• REQUIREMENT
Please transcribe the data that follows exactly as given, leaving out every picture.

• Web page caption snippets
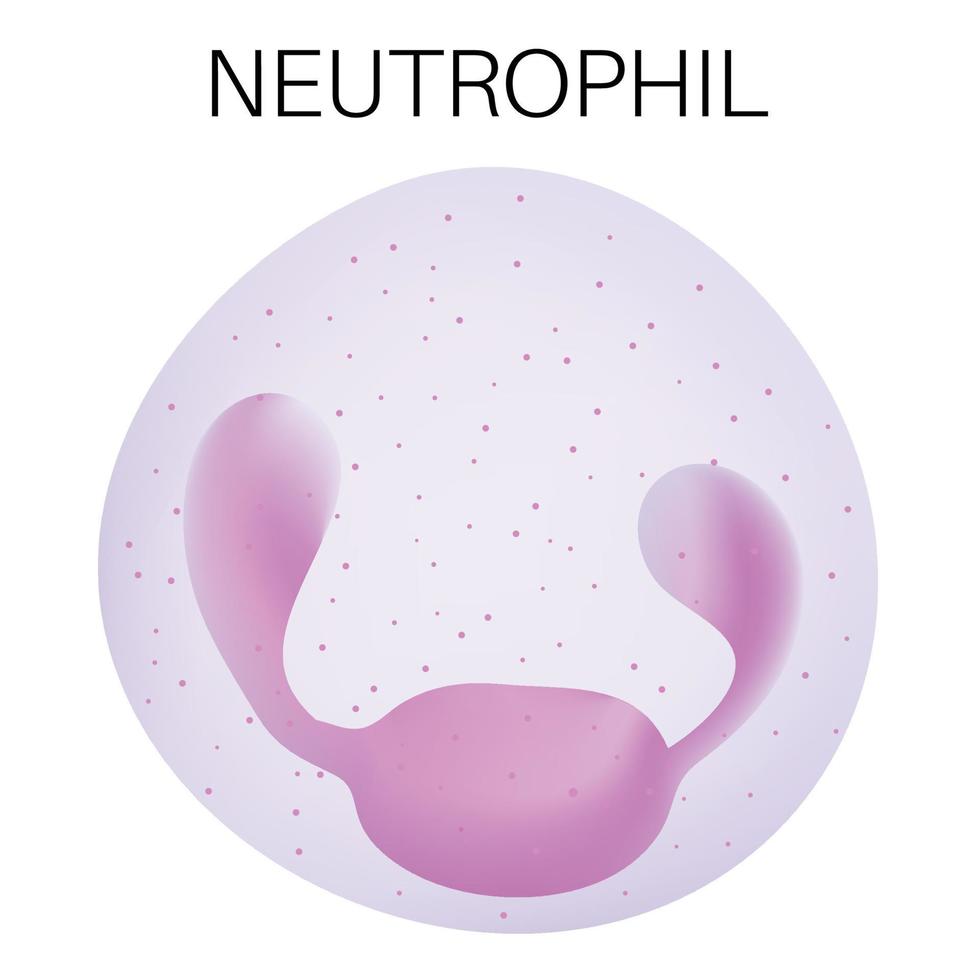 Type of white blood cell - Neutrophil. vector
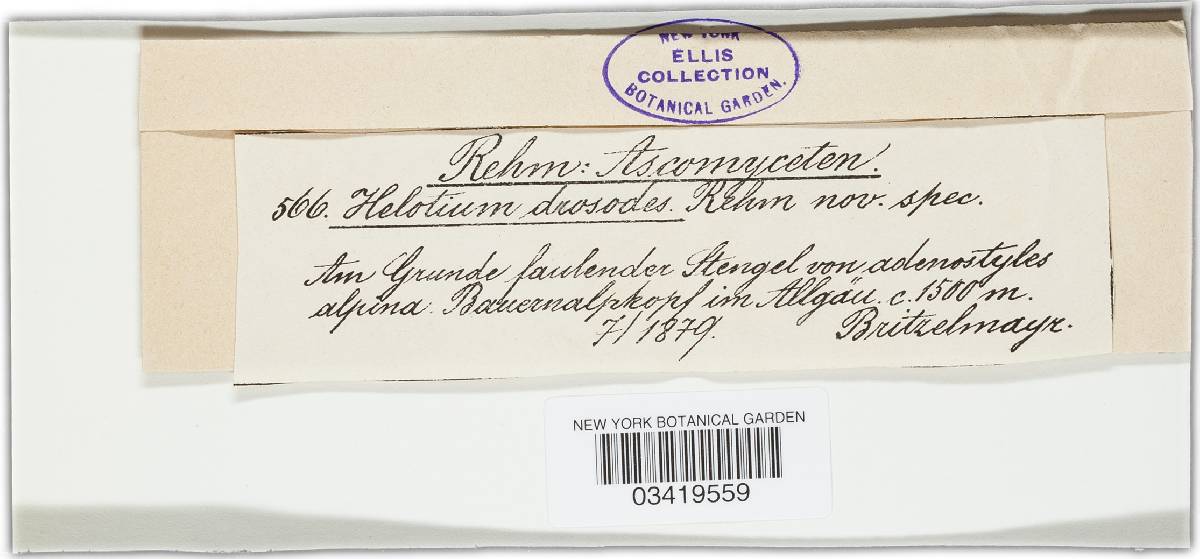 Helotium drosodes image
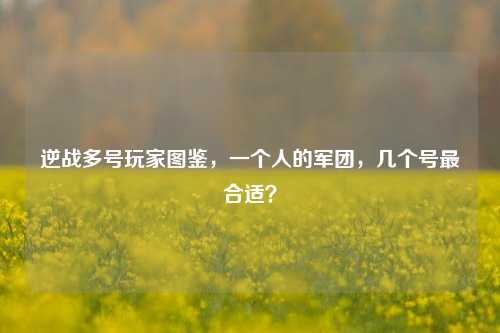 逆战多号玩家图鉴,一个人的军团,几个号最合适?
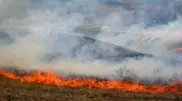 Fire quenched in Almaty oblast mountains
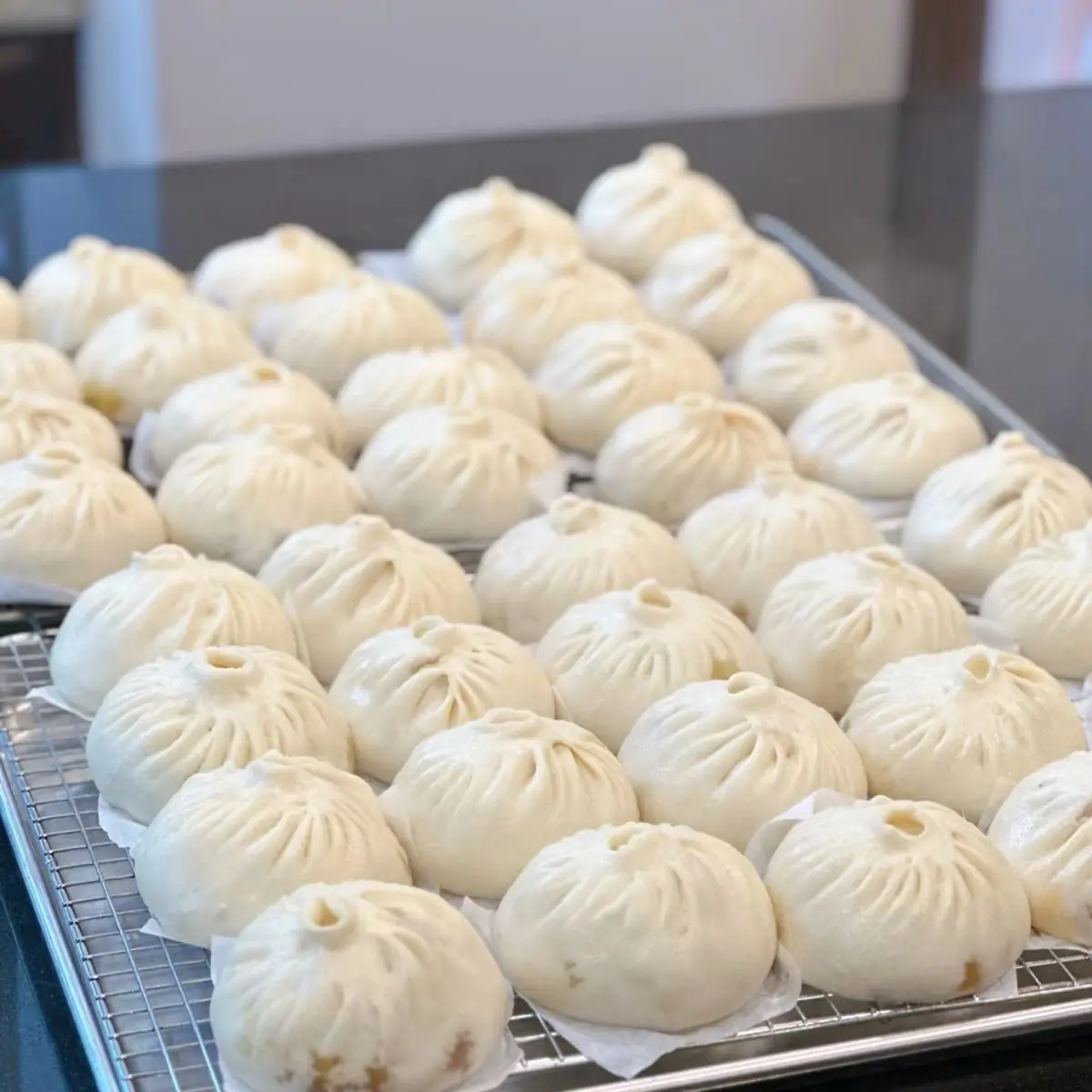 肉包 Fresh Pork Buns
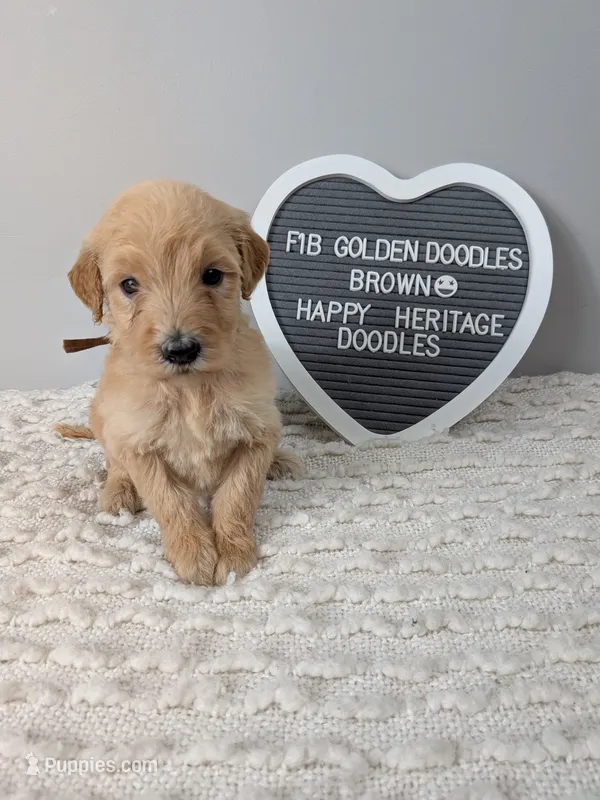 F1b Goldendoodle- brown collar – Goldendoodle puppy for sale in Baton Rouge, LA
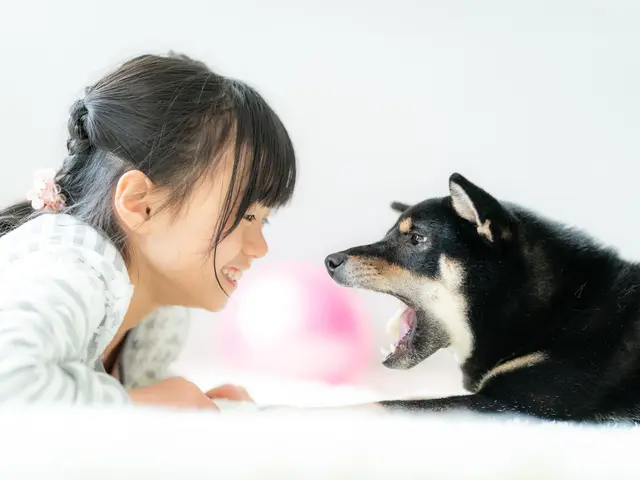いつもの日常を新たな思い出に ペットの記念撮影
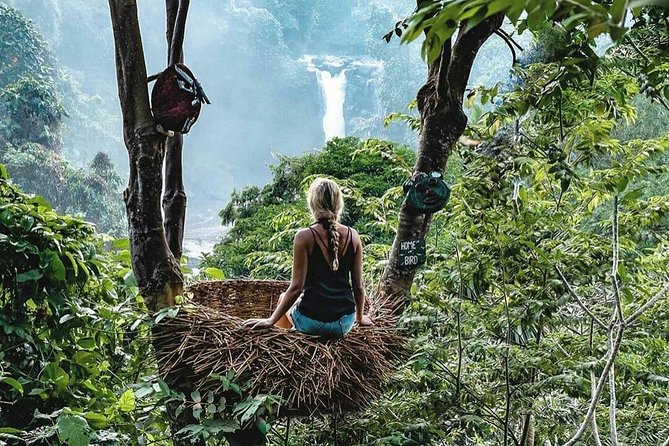 Full-Day in Bali: Private Design-Your-Own Tour - Should You Book This Private Ubud Tour?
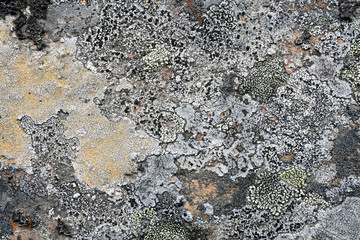 Natural texture of lichen on rock surface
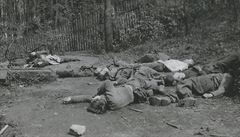Zabití písluníci SS po boji u Blovsi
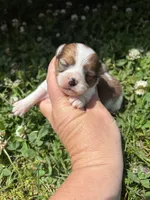 Ckc Orange sable girl , a female Pomeranian for sale in Trion, GA – 3 of 4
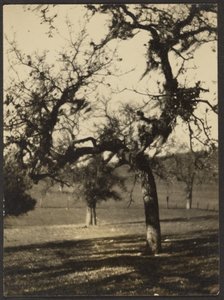 風景 作： Louis Fleckenstein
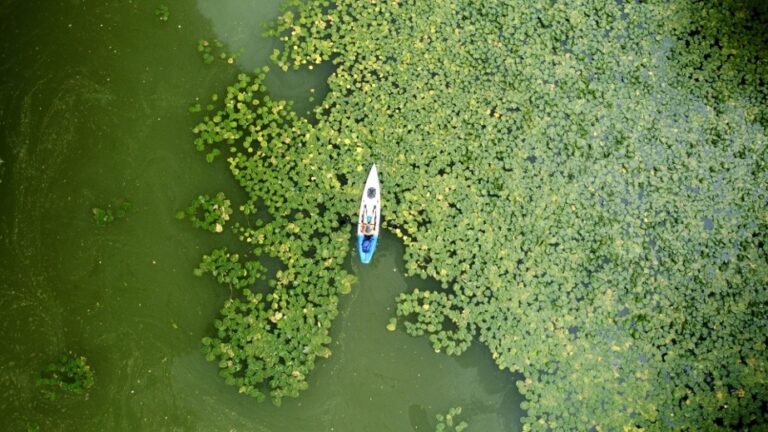 A kayak floats in the river filled with water lilies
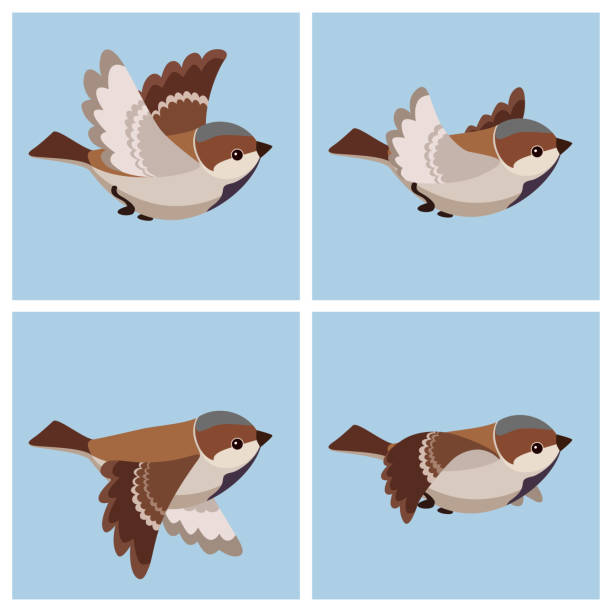 stockillustraties, clipart, cartoons en iconen met cartoon vliegende huismus (man) animatie sprite blad - house sparrow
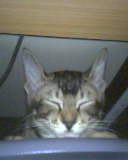 [Avatar]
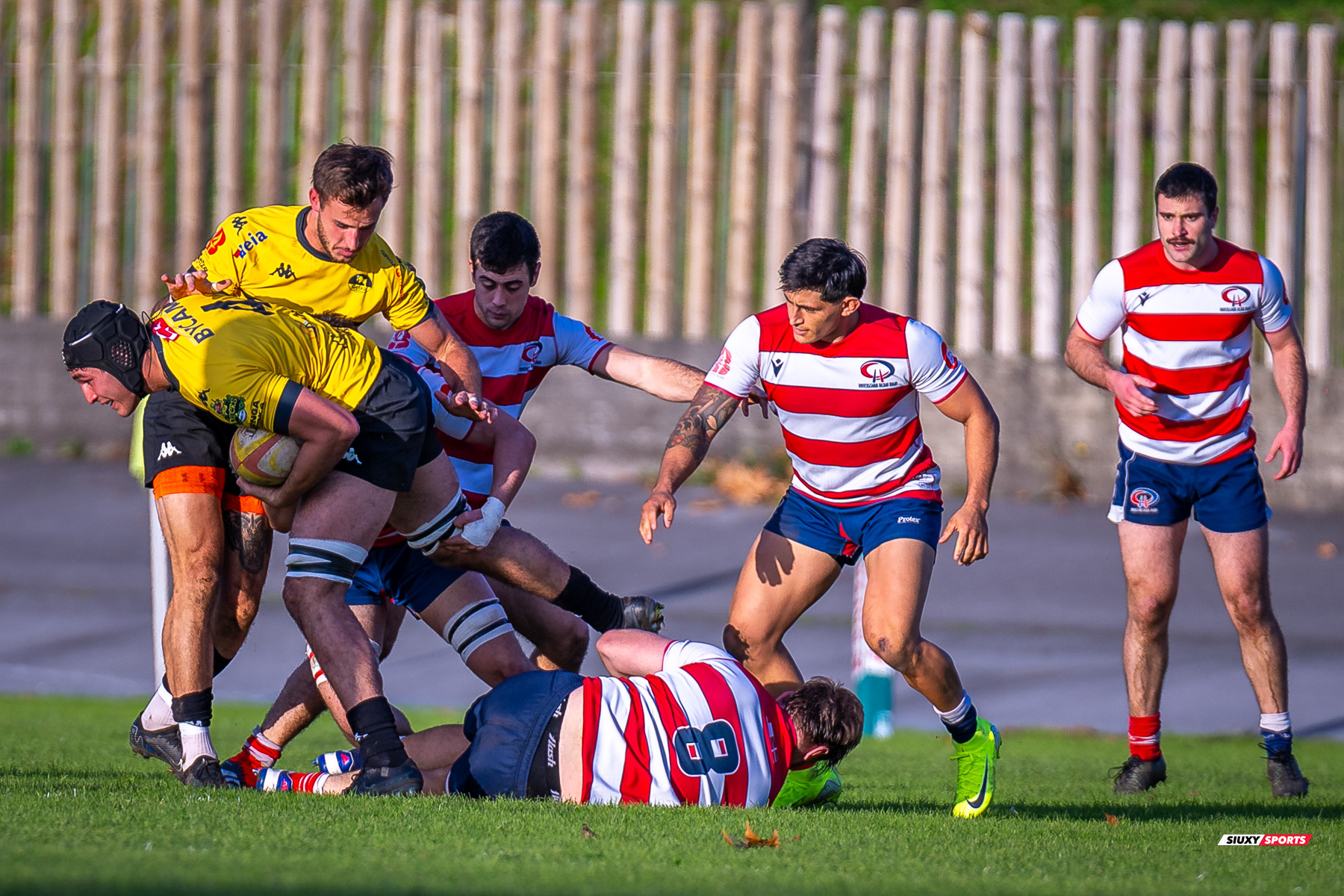  Getxo Artea Rugby Taldea - Universitario Bilbao Rugby - Rugby - FER 2024 - DHB - Getxo RT (35) vs (14) Universitario Bilbao Rugby (#FER24DHBGRTUBR11) Photo by: Fredy Monfoto | Siuxy Sports 2024-11-30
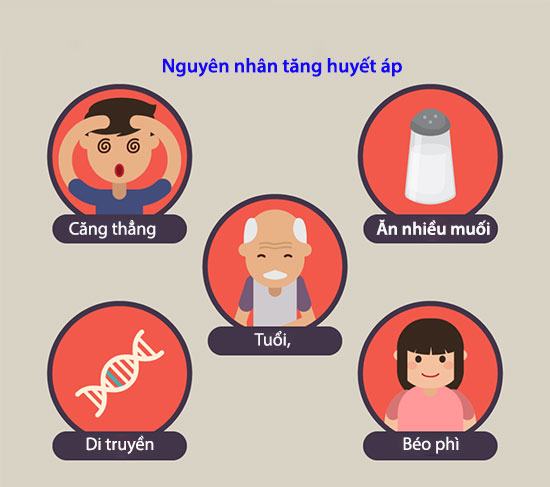 Top những cách trị huyết áp cao hiệu quả từ thảo mộc thiên nhiên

• RESPONSE AREA
 Type of white blood cell - Neutrophil. vector
 Helotium drosodes image
 逆战多号玩家图鉴,一个人的军团,几个号最合适?
 Fire quenched in Almaty oblast mountains
 肉包 Fresh Pork Buns
 F1b Goldendoodle- brown collar – Goldendoodle puppy for sale in Baton Rouge, LA
いつもの日常を新たな思い出に ペットの記念撮影
 Full-Day in Bali: Private Design-Your-Own Tour - Should You Book This Private Ubud Tour?
 Natural texture of lichen on rock surface
Zabití písluníci SS po boji u Blovsi
 Ckc Orange sable girl , a female Pomeranian for sale in Trion, GA – 3 of 4
 風景 作： Louis Fleckenstein
 A kayak floats in the river filled with water lilies
 stockillustraties, clipart, cartoons en iconen met cartoon vliegende huismus (man) animatie sprite blad - house sparrow
 [Avatar]
  Getxo Artea Rugby Taldea - Universitario Bilbao Rugby - Rugby - FER 2024 - DHB - Getxo RT (35) vs (14) Universitario Bilbao Rugby (#FER24DHBGRTUBR11) Photo by: Fredy Monfoto | Siuxy Sports 2024-11-30
 Top những cách trị huyết áp cao hiệu quả từ thảo mộc thiên nhiên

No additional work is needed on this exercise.